• YOUR TASK:
For the listing below, print exactly the lines from the line with "Serie A 2019/20: Napoli" to the line with "Peugeot 308: Fahrsituationen", both included, and nothing beyond them.

• SOURCE MATERIAL:
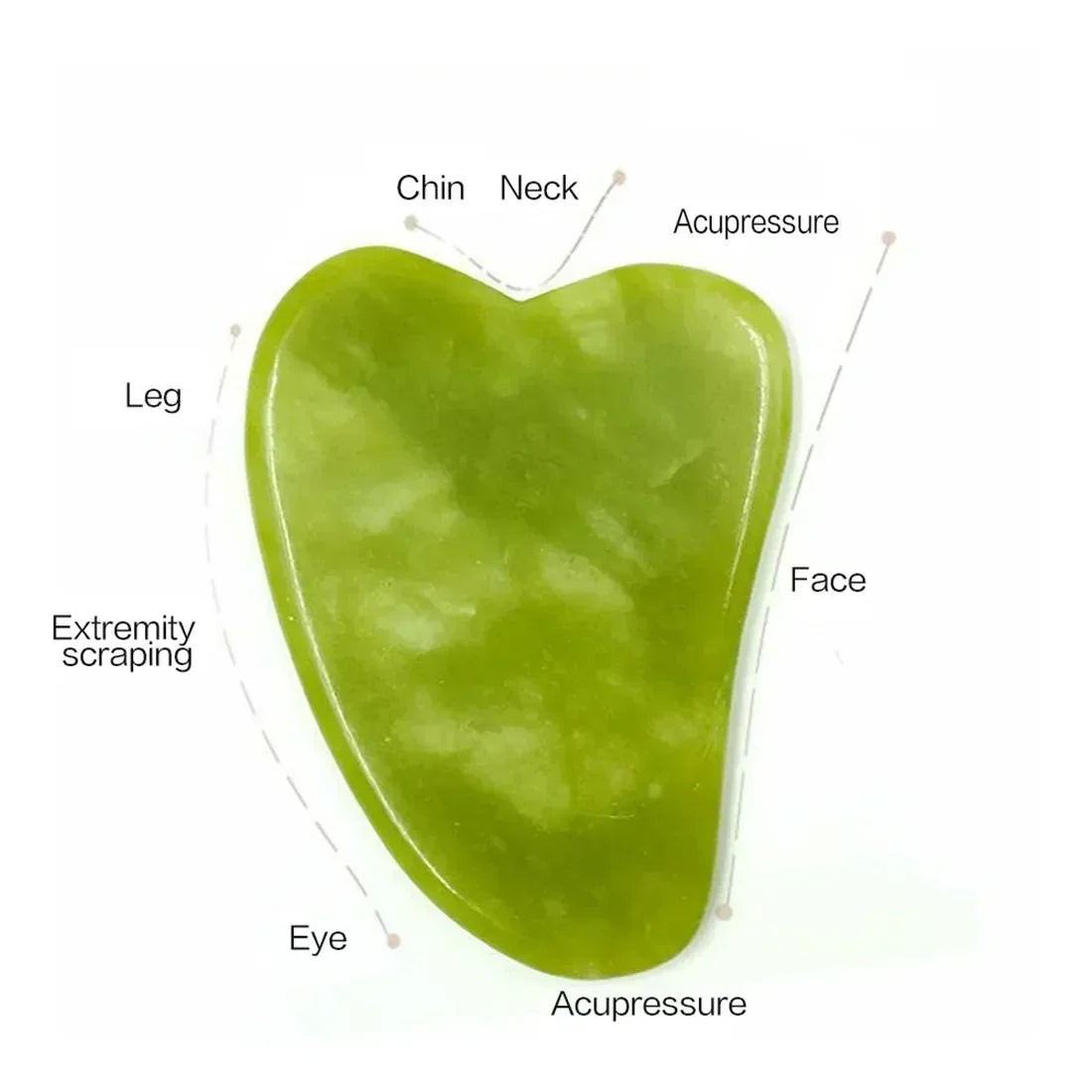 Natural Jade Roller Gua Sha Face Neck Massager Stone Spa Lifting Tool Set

---

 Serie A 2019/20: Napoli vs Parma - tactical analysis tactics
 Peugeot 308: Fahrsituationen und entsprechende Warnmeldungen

• REPLY TO THE EXERCISE:
 Serie A 2019/20: Napoli vs Parma - tactical analysis tactics
 Peugeot 308: Fahrsituationen und entsprechende Warnmeldungen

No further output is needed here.